Work instruction:
Leave out the pictures and repeat exactly the lines from the one containing "Spacious Family Home" through the end of the records.

= Beginning of Section =

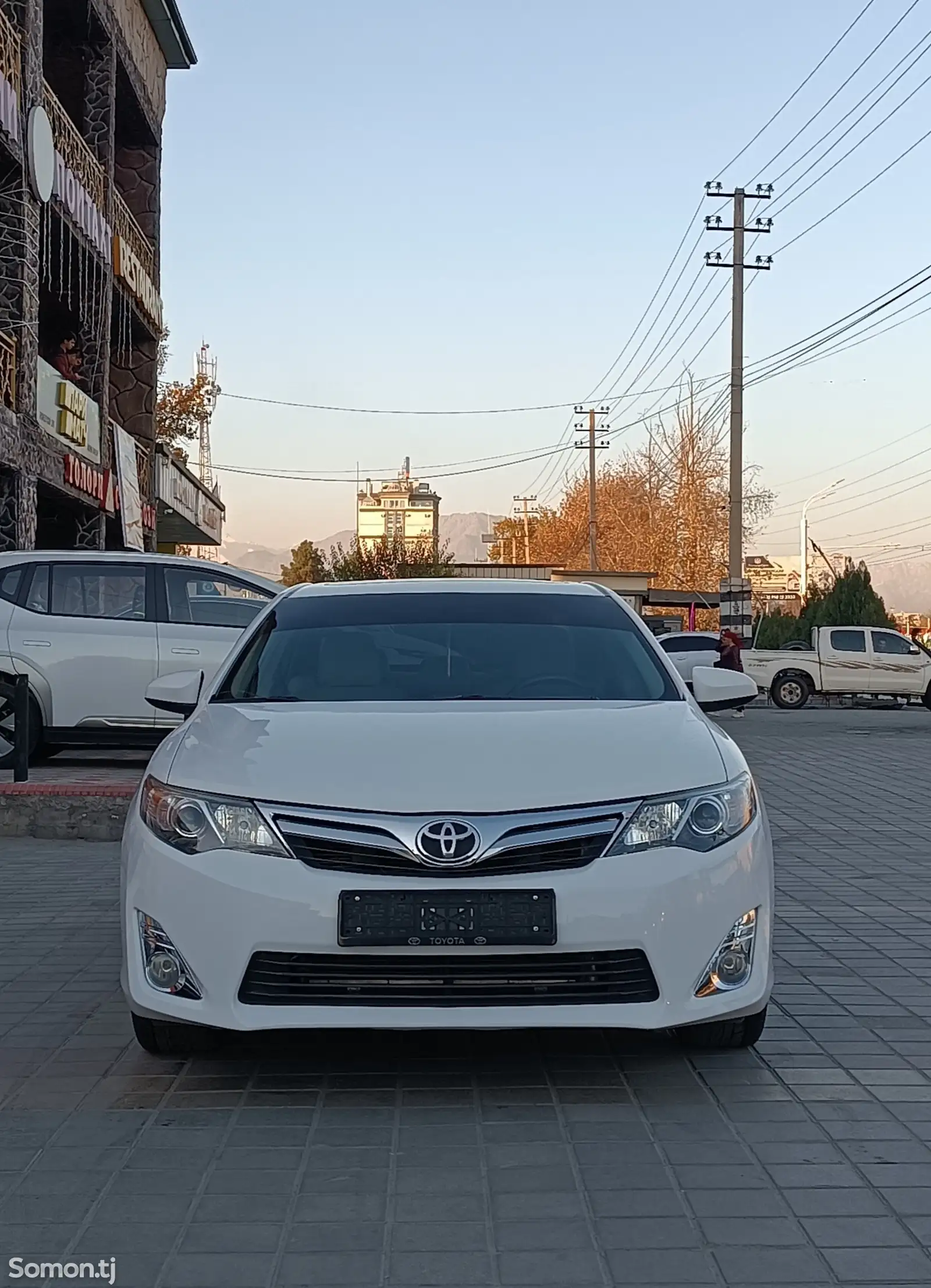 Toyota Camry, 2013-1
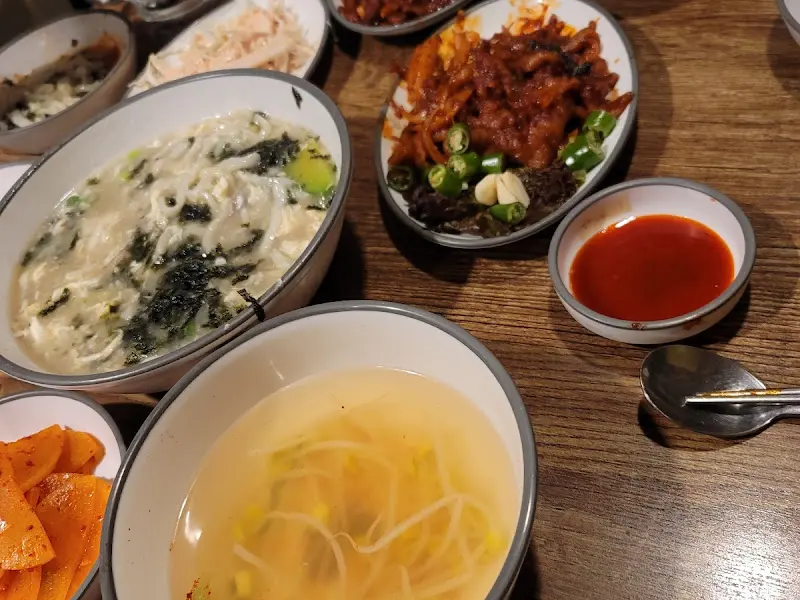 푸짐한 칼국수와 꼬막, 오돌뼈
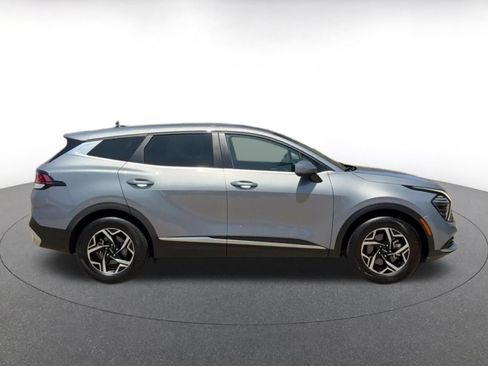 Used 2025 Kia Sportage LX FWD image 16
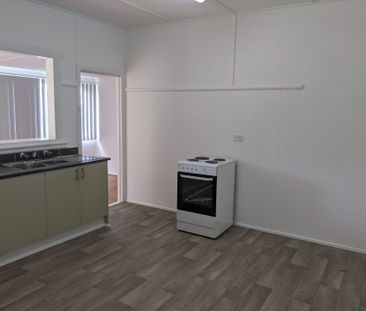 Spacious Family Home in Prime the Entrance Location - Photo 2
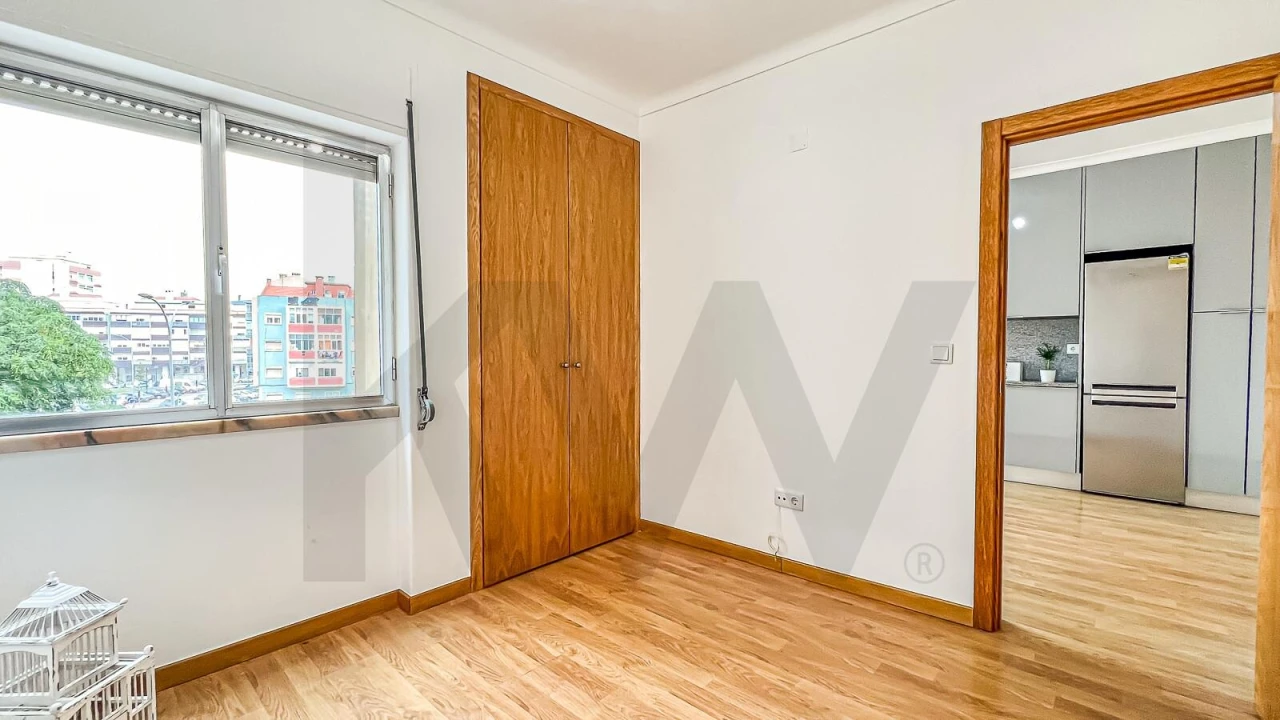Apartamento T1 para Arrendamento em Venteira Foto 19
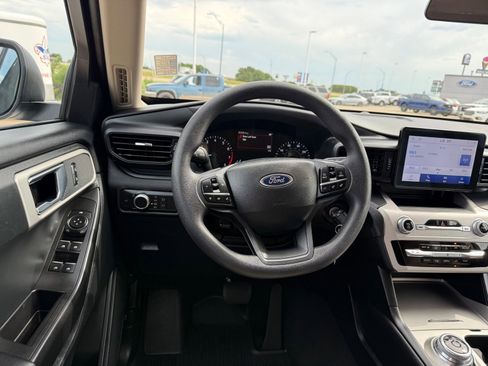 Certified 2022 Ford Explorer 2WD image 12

= End of Section =

Response area:
 Spacious Family Home in Prime the Entrance Location - Photo 2
Apartamento T1 para Arrendamento em Venteira Foto 19
 Certified 2022 Ford Explorer 2WD image 12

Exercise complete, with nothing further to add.